** RECORDS SHOWN follows **

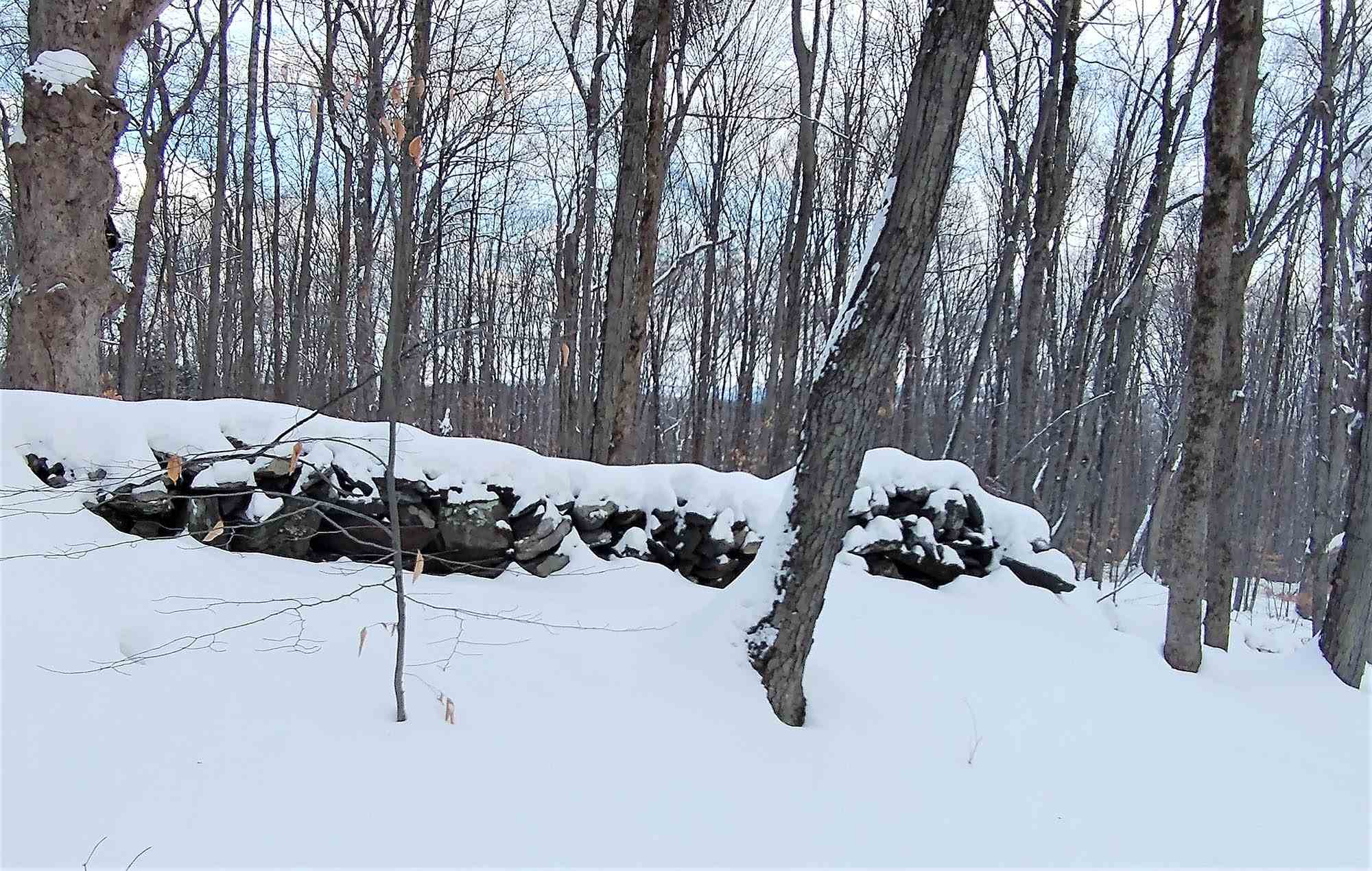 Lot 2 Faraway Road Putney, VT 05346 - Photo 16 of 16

** End of RECORDS SHOWN **
** RECORDS SHOWN follows **

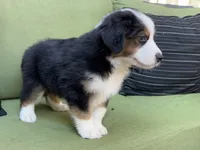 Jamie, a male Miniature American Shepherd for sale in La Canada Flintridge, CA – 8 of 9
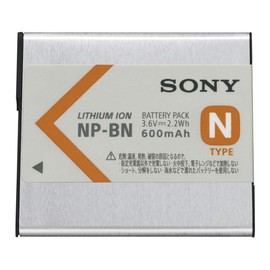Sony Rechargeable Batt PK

** End of RECORDS SHOWN **
** RECORDS SHOWN follows **

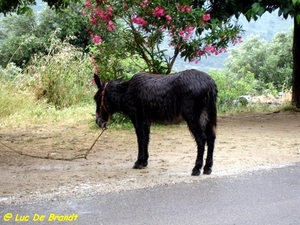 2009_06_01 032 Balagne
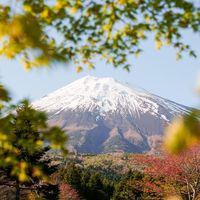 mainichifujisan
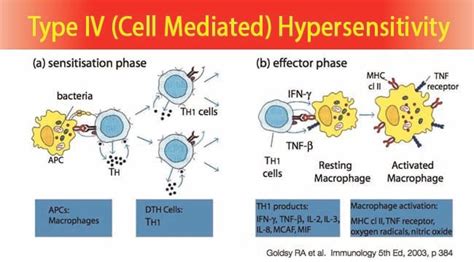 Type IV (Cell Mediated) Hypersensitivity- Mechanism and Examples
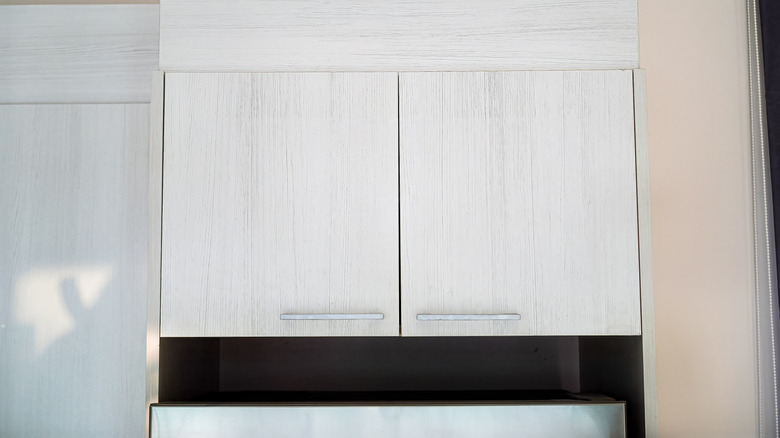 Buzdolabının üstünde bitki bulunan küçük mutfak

** End of RECORDS SHOWN **

Reproduce the listing above only between the lines holding "Type IV (Cell" and "Buzdolabının üstünde bitki", inclusive. Every line must match exactly, and pictures are dropped.

RESPONSE:
 Type IV (Cell Mediated) Hypersensitivity- Mechanism and Examples
 Buzdolabının üstünde bitki bulunan küçük mutfak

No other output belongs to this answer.